#### INPUT DATA ####
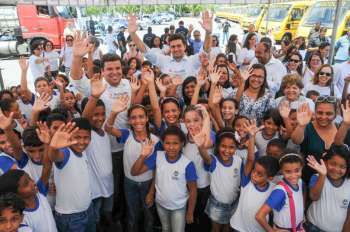 Prefeito inaugura escola em Tempo Integral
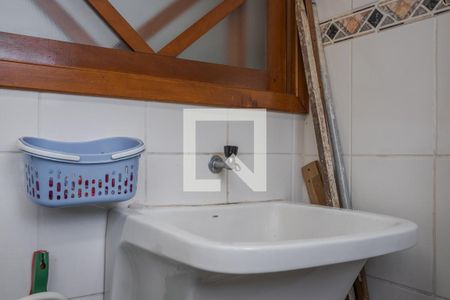 Casa de condomínio à venda com 170m², 3 quartos e 1 vagaÁrea de Serviço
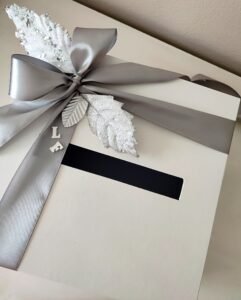 Kutija za koverte sa srebrnom ddekoracijom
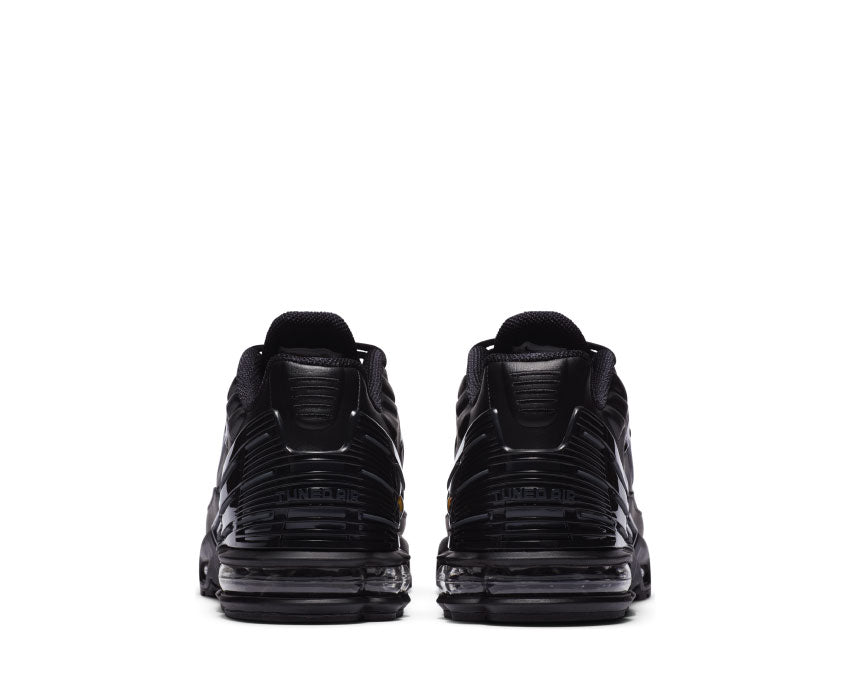 Nike Air Max Plus III Leather Black / DK Smoke Grey CK6716-001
####
• _ASSIGNED TASK_:
Set down all the material exactly once more. No pictures.

• _TASK ANSWER_:
 Prefeito inaugura escola em Tempo Integral
 Casa de condomínio à venda com 170m², 3 quartos e 1 vagaÁrea de Serviço
 Kutija za koverte sa srebrnom ddekoracijom
 Nike Air Max Plus III Leather Black / DK Smoke Grey CK6716-001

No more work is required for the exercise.